また、必死な思いが親のストレスを生むこともある。青木教授は、こう指摘する。
「毎週新しい場所に行くよりも、遊び慣れた公園で過ごす方がいいこともあります。自然体験は遊び慣れた近所の公園で虫と戯れるだけでもできます」
中1の息子を漁村留学へ、子ども自身が選んだ体験を
親が無理をしてつくる体験よりも、子ども自身が選んだ体験であることが重要なのは言うまでもない。子ども主導で大冒険を決意した家庭を紹介しよう。
横浜市に住む女性(49)は今春、中学1年生になった息子を漁村留学に送り出した。参加したのは、宮城県石巻市で漁業体験などを行う公益社団法人MORIUMIUS(モリウミアス)が実施する1年間のプログラムだ。
息子は小学生の頃から近所の河口に行っては魚を釣り、釣った魚を捌いていた。「黒鯛を釣ってくることもあって、『川に黒鯛がくるの?』と聞いたら、干潮の時だけくるんだと。釣り方も自分で調べてやっていました」(女性)
親に言われた訳でもなく、捌き方もYouTubeで調べて自分でやっていた。海の生き物に夢中になっている様子をみて、そんなに海が好きならばと、体験活動を調べる中で、漁村留学を知ったという。息子自身が参加したいと言い出し、今は同法人が持つ寮で暮らしながら近くの公立中学に通っている。日常的に地元漁師とも交流、海の知識を深めているという。女性は言う。

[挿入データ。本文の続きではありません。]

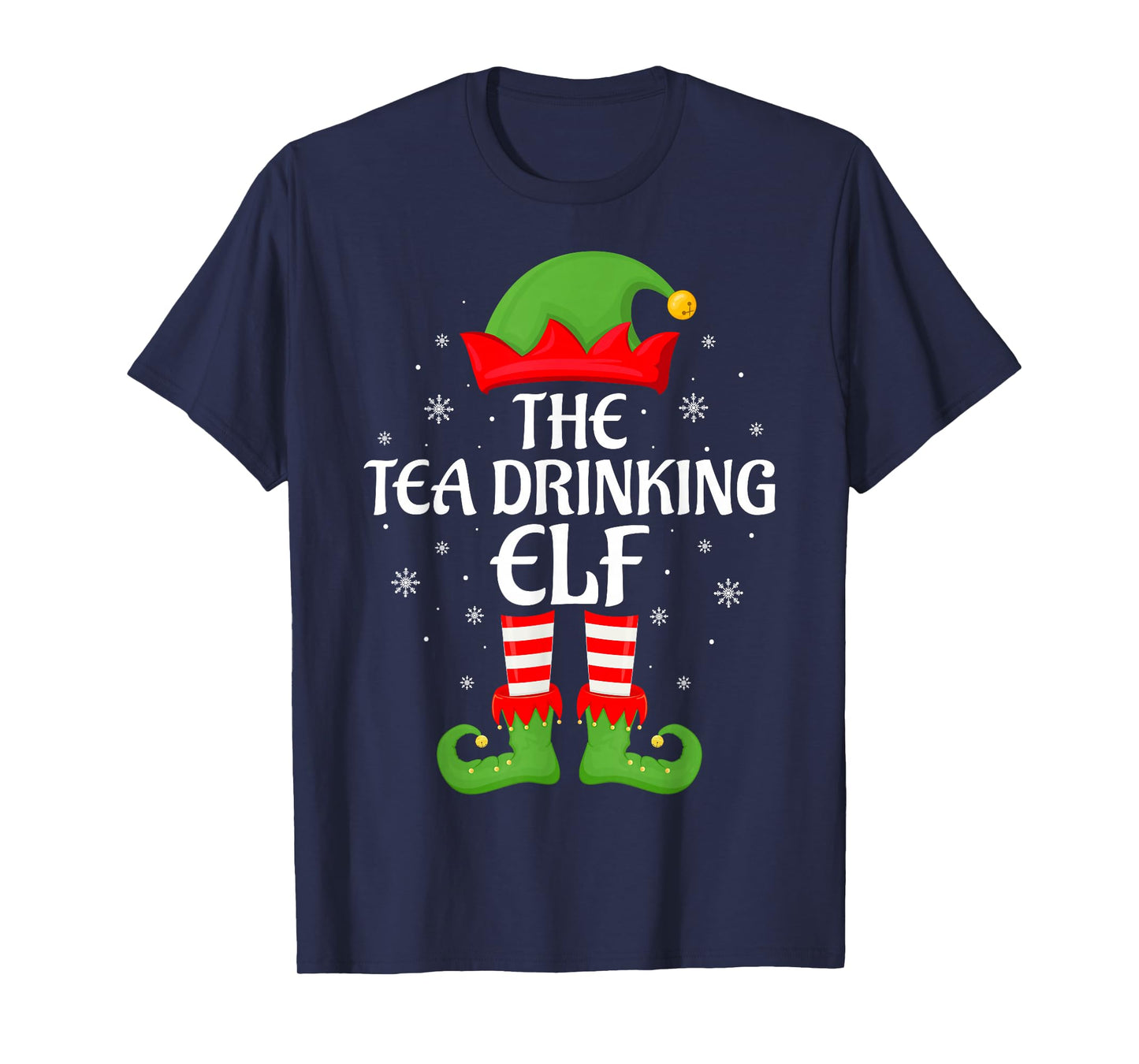 Tea Drinking Elf Xmas Family Matching Elf Squad Christmas T-Shirt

「地元の中学が荒れていて、中学受験も考えましたが、本人はまだ勉強に興味のある様子ではなかった。漁村留学に行きたいと言い出した時は『本気!?』と思いましたが、彼にとっていい体験になると思っています」
親主導か、子ども主導か。体験に至るプロセスも体験の価値を変える要素になる。